▸ **EXERCISE PROMPT**:
Could the listing below be reproduced exactly, minus its pictures?
Start of INFORMATION SHOWN
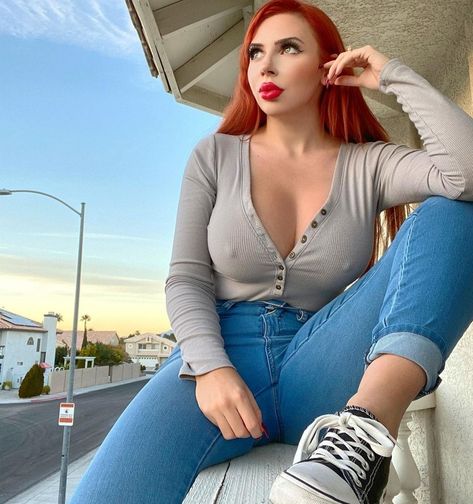 Amanda Nicole, Hair Fair, Hollywood Star, Red Hair, Denim Jeans, Open Shoulder Tops, Turtle Neck, Hollywood, Long Sleeve Blouse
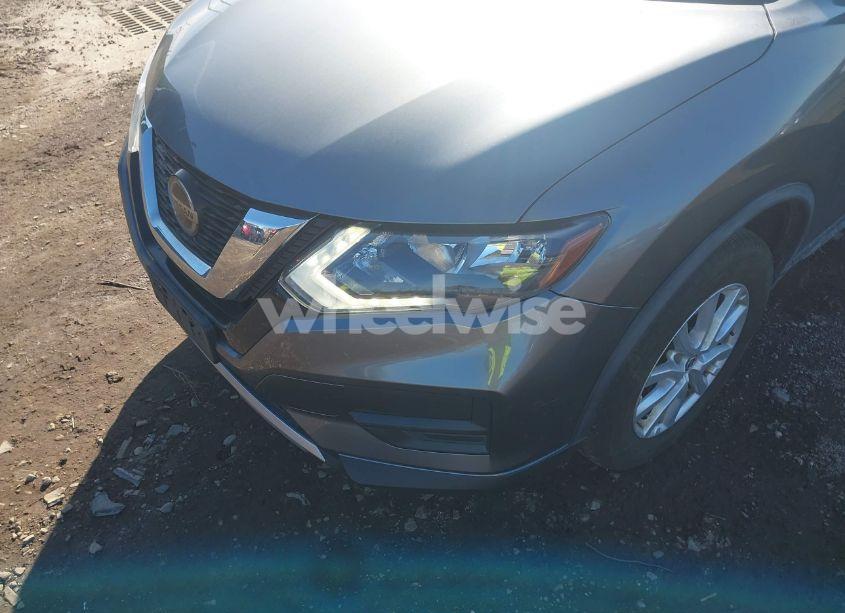 Photo 6 of 2019 Nissan Rogue SV (VIN JN8AT2MV2KW372859)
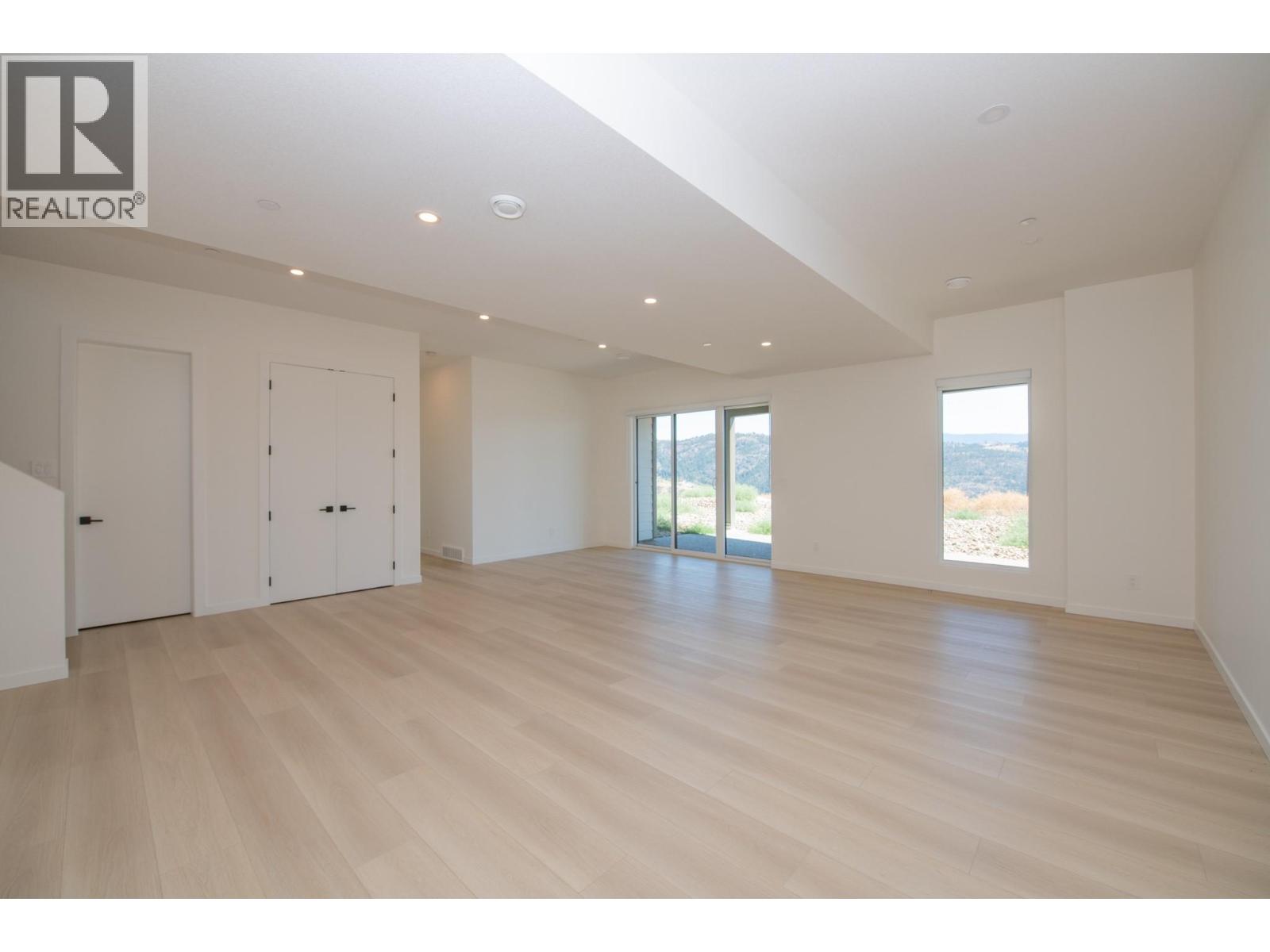 8820 Oxford Road, Vernon, British Columbia  V1H 2K8 - Photo 61 - 10367313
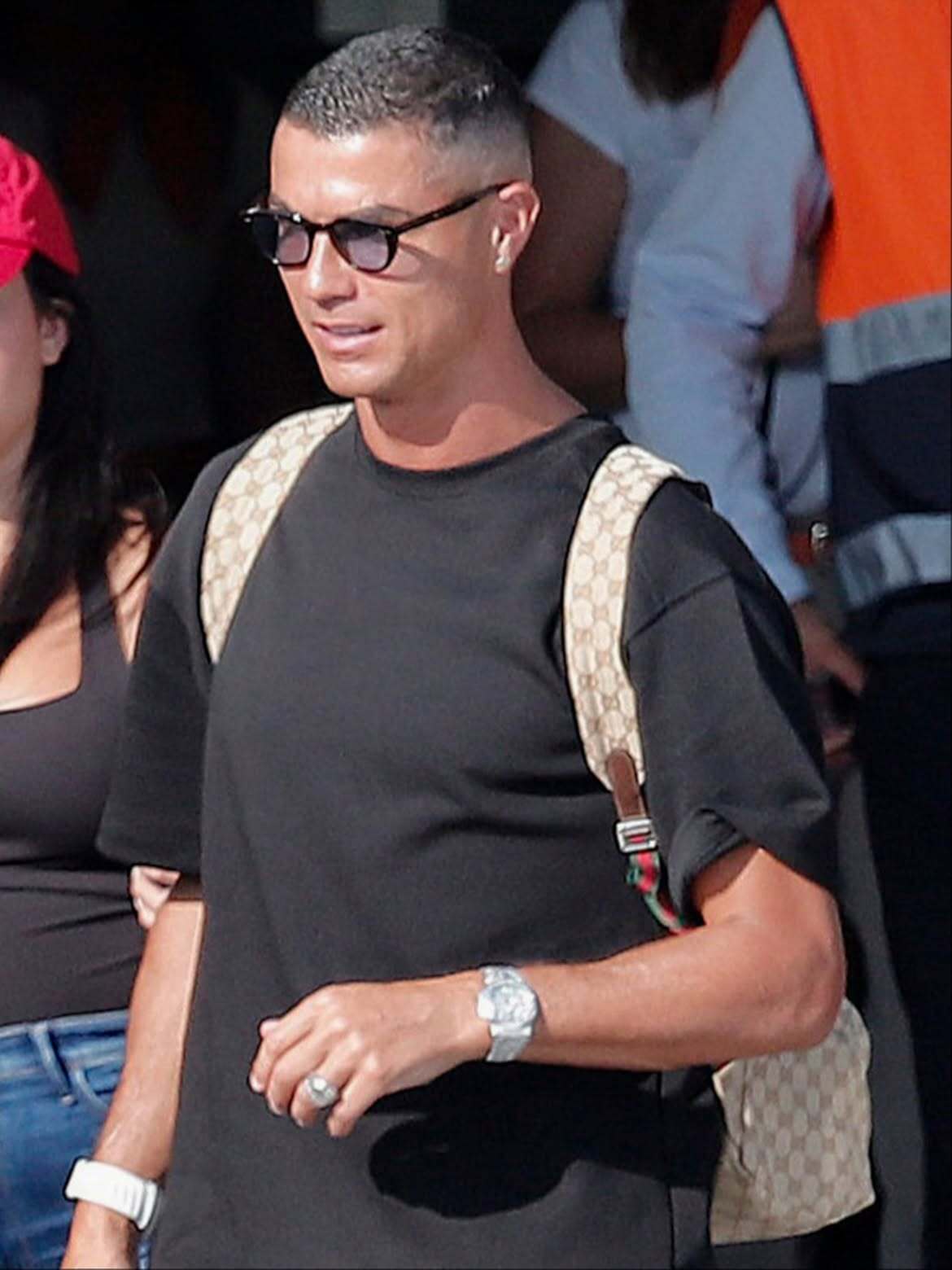 C Ronaldo đeo nhẫn kim cương đôi với Georgina
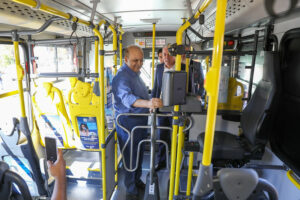 Governador Ibaneis Rocha entrega 78 novos ônibus à população do DF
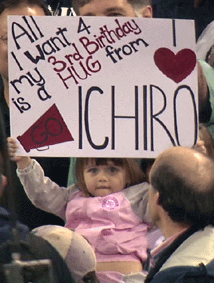 HUG_Ichiro.gif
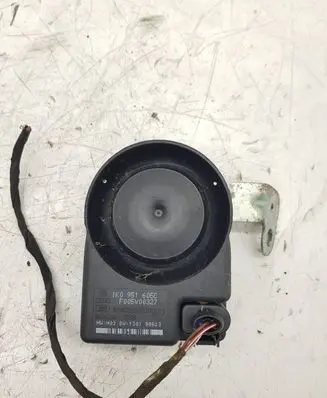 Volkswagen PASSAT B6 Alarm system siren 1K0951605C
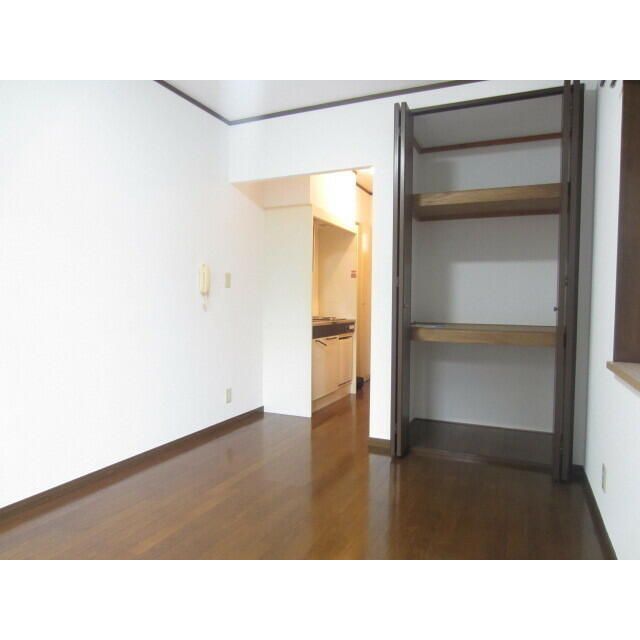 鵠沼フローラ リビング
End of INFORMATION SHOWN
▸ **RESPONSE BELOW**:
 Amanda Nicole, Hair Fair, Hollywood Star, Red Hair, Denim Jeans, Open Shoulder Tops, Turtle Neck, Hollywood, Long Sleeve Blouse
 Photo 6 of 2019 Nissan Rogue SV (VIN JN8AT2MV2KW372859)
 8820 Oxford Road, Vernon, British Columbia  V1H 2K8 - Photo 61 - 10367313
 C Ronaldo đeo nhẫn kim cương đôi với Georgina
 Governador Ibaneis Rocha entrega 78 novos ônibus à população do DF
 HUG_Ichiro.gif
 Volkswagen PASSAT B6 Alarm system siren 1K0951605C
 鵠沼フローラ リビング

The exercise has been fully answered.